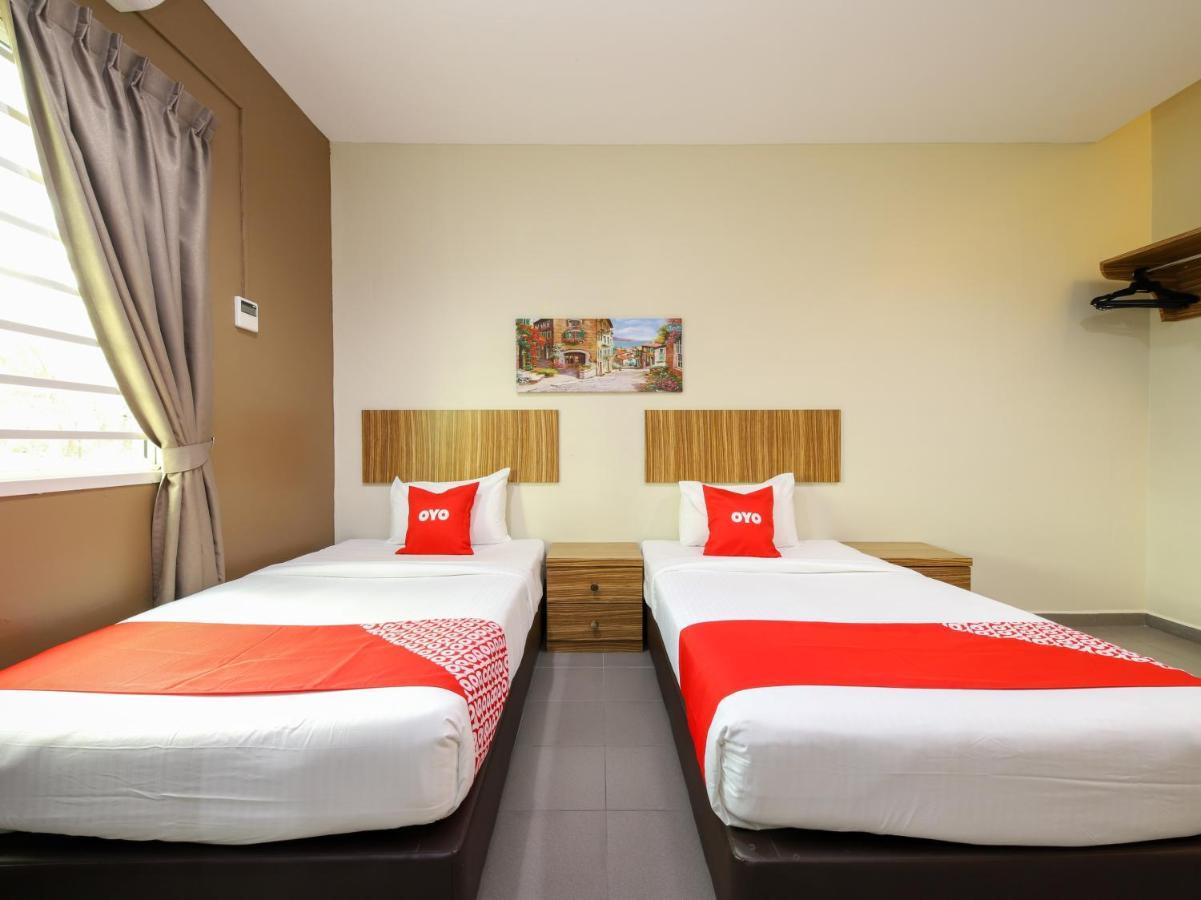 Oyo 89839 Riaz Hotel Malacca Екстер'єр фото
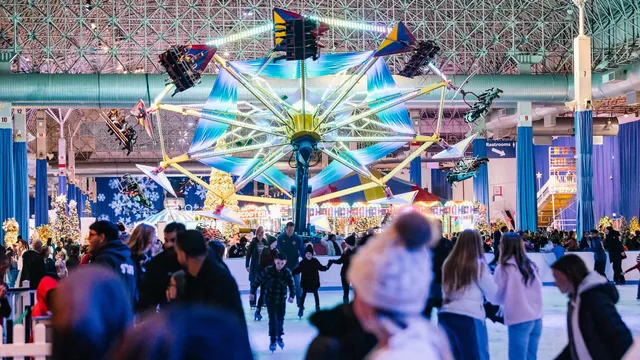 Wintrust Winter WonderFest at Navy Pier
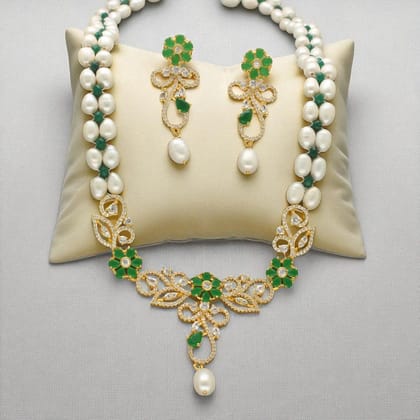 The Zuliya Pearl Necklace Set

+ + + + + + +

▸ **Exercise description**
For this exercise, transcribe the data above line by line, exactly, with pictures omitted.

▸ **Output for this task**
 Oyo 89839 Riaz Hotel Malacca Екстер'єр фото
 Wintrust Winter WonderFest at Navy Pier
 The Zuliya Pearl Necklace Set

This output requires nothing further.